The driver grumbles and kills us all with his eyes, but he put the record on anyway. Death magnetic starts and everyone seems to have a rock hard erection for Metallica. Suddenly everyone is a hardcore fan and my years as a child listening Metallica in my sister´s bedroom seems to mean nothing compared to this excitement.
For a brief moment I remember my sister when she was about 14 years old telling me that she loves Metallica but beyond the music itself, she really likes the way James Hetfield calls us “friends”. I wake up from this daydream by the time Iggy Pop finishes abruptly “I´m Bored” and my IPod is going out of battery.
I try not to fall asleep. I’ve been working since 8am and I listen (barely, because Dylan is loudly starting “To be alone with you”) a senior journalist talking to some colleagues about some radio shows. I think I met him probably a couple of years ago and I notice that even when I know he isn´t a Metallica fan, he seems to know about a lot about Metallica or more than some of the prima donnas seated in front of me. The only thing is that he isn´t bragging about what he knows. I take off my headphones and the van is quieter than I remember. A couple of girls, probably between 21 and 25 and obviously fans of john Mayer, are shaking his heads trying to follow the sound of “My Apocalypse”, the tenth song of Death Magnetic and the last one. I pull out my phone and I try to text my sister to tell her that this is the day I finally will see Metallica live, but while I’m writing an income call from a photographer I met probably 3 and a haft years ago interrupt me.
I barely talk to him because “My Apocalypse” is in the best and heaviest part. After He hears me saying "what?? And "come again?" again and again it´s pretty clear that we can´t really have a conversation. I put my cell phone back in my pocket and I totally forget to text my sister. I notice that we actually are pretty close and I take my headphones back on. Queens of the Stone Age welcome me with a song and I keep humming it until the van suddenly stops. I look through the window and I can see probably about 6 or 7 police motorcycles, plus a couple of blue fellas with mean faces ordering the bus driver to pull over away from the road.
The bus driver grumbles for the second time in the day and does his best to pull over away but he doesn´t have space to do so and he stays almost in the same spot. 3 black S.U.V(s) are passing by fast and furious and a couple of more motorcycles of the military police do the same. The photographer next to me is still talking to the yakker and I have to move to keep my eyes outside watching whatever is happening outside the van. Suddenly a lonely motorcycle passes by and later another black (but not as fast as the others) SUV passes by with the back seat window rolled down and I can see clearly Mister James Hetfield smiling in the back seat. His arm is resting in the window while he seems to be enjoying the view. For a brief moment he looks at the van and I can see his sunglasses reflecting the dying sun light in the city. He smiles again even when I’m pretty sure he can´t see inside the van and he turns his back letting me see his red and green casual plaid short sleeve shirt that reminds me the perfect outfit for rock stars.

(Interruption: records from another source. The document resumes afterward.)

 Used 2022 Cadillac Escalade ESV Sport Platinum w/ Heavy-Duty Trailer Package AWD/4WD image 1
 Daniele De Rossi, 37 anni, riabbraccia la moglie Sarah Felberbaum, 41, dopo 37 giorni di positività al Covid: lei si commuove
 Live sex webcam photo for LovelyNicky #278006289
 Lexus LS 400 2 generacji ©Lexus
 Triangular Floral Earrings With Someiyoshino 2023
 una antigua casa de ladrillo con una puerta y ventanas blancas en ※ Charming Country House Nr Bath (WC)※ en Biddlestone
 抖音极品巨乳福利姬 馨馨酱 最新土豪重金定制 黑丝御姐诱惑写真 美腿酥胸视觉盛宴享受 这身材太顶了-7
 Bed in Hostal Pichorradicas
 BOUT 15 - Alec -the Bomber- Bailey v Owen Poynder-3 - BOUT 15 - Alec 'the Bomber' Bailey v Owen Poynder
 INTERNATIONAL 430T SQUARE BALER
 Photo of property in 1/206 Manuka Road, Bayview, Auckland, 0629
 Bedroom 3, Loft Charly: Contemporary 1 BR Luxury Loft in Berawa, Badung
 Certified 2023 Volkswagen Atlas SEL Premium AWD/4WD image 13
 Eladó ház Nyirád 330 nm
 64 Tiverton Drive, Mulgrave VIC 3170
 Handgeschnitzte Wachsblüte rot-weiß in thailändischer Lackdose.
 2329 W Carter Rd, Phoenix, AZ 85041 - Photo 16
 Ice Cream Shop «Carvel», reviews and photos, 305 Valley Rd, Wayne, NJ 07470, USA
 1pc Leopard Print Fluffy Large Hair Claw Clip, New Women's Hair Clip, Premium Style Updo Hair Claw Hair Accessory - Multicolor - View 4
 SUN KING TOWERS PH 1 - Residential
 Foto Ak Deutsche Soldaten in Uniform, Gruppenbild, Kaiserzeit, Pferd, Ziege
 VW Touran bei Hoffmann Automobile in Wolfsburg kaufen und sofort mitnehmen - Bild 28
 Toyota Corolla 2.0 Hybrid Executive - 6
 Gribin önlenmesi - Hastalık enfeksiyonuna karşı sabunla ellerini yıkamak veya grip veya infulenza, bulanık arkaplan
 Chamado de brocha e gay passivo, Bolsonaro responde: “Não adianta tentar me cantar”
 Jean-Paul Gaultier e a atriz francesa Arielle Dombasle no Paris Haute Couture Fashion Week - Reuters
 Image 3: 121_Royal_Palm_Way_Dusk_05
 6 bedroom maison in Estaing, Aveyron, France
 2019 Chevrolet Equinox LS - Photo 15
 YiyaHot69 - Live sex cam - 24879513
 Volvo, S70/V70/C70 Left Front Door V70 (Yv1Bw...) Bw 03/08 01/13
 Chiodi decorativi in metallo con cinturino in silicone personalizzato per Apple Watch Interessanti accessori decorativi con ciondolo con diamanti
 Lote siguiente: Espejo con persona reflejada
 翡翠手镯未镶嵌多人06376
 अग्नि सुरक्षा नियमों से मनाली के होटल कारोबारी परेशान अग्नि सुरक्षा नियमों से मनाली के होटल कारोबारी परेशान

The SUV leaves me biting the imaginary dust and some stupid asked loud and surprising "was that Metallica? I mean...James? -Everyone ignores him and I feel speechless.
We finally get into the backstage and the "press guys" ask us to do a line in order to enter to the small set built for the press conference. We do as they told and because I’m one of the first to enter inside the improvised room, I find a nice place between two grumpy cameramen that can´t see the time to get the hell out of this place. A translator announces herself as the moderator for the occasion. She speaks Spanish with some mixed accent I can´t tell, an accent between Mexican and Argentine. She ask the journalists to not ask the band questions about napster, the last time they were in Venezuela (she says they probably don´t remember anything), Jason Newsted and pirated or burned Metallica albums. Most of the people ignore her accent and 10 minutes passes until I see Kirk (far away) drinking some kind of tea just before he shows up with the other guys to start the press conference.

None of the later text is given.